WHAT TO WORK ON
Could you write out the listing below exactly as it stands, leaving out the pictures?

————

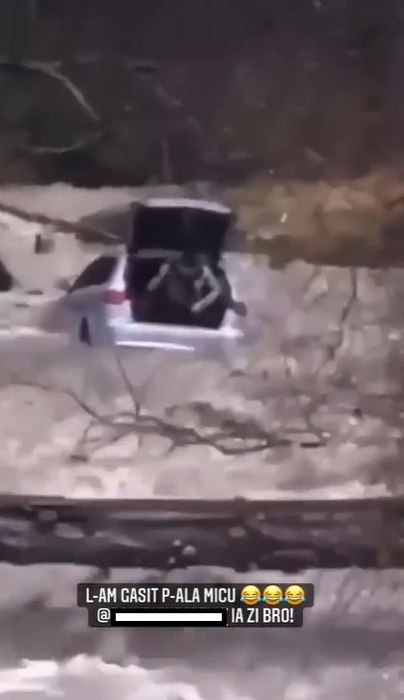 Imaginile zilei | Un bărbat din Prahova încearcă să treacă un râu cu mașina, dar a fost luată de viitură. Internauții nu s-au abținut și au glumit pe seama șoferului: ”Păcat de pod”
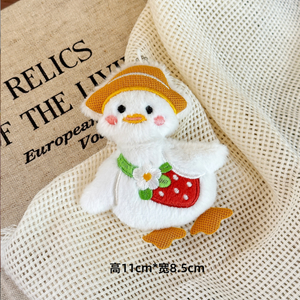 Nieuwe Aanwinst Schattig Pluche Eend Hangertje Sleutelhanger Kawaii Tas Charm voor <span class=keywords><strong>Baby</strong></span> Meisjes en Jongens Geborduurde Aardbei Eend Pluche Tas Charm - Product Image 3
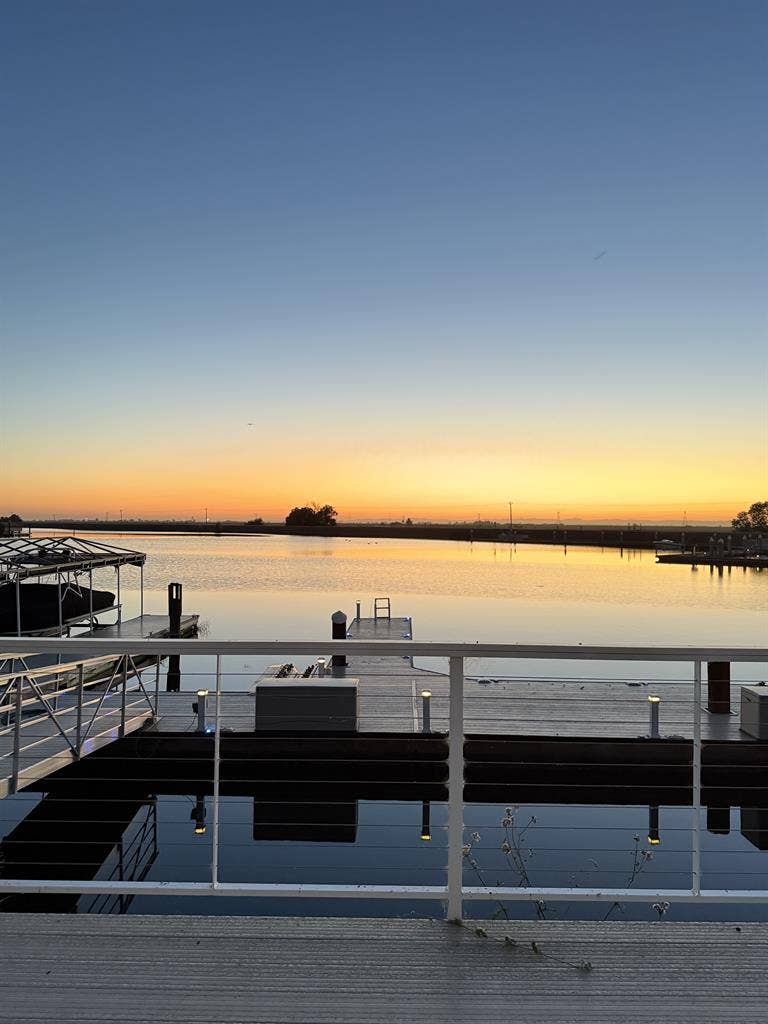 Water Front Room For Rent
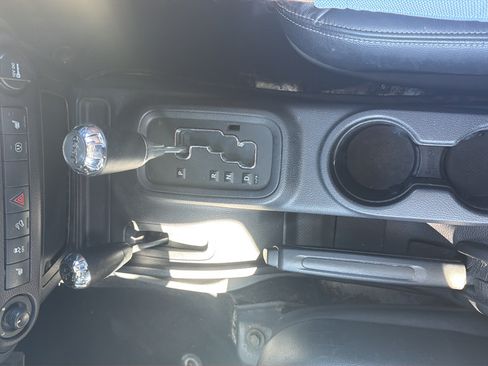 Used 2015 Jeep Wrangler Unlimited Rubicon w/ Connectivity Group AWD/4WD image 24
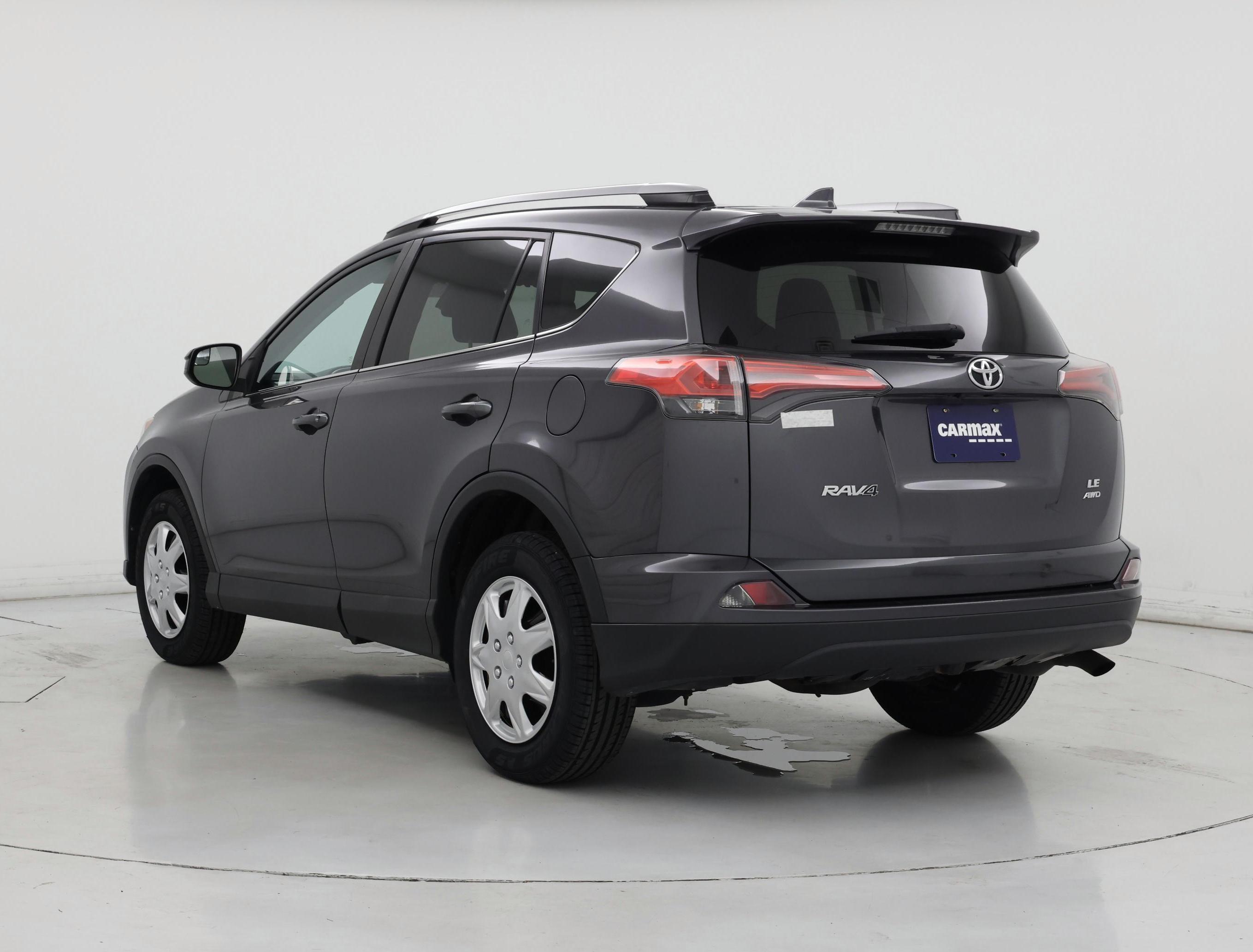 Thumbnail: 2017 Toyota RAV4 - 2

————

RESPONSE TO THE EXERCISE
 Imaginile zilei | Un bărbat din Prahova încearcă să treacă un râu cu mașina, dar a fost luată de viitură. Internauții nu s-au abținut și au glumit pe seama șoferului: ”Păcat de pod”
 Nieuwe Aanwinst Schattig Pluche Eend Hangertje Sleutelhanger Kawaii Tas Charm voor <span class=keywords><strong>Baby</strong></span> Meisjes en Jongens Geborduurde Aardbei Eend Pluche Tas Charm - Product Image 3
 Water Front Room For Rent
 Used 2015 Jeep Wrangler Unlimited Rubicon w/ Connectivity Group AWD/4WD image 24
 Thumbnail: 2017 Toyota RAV4 - 2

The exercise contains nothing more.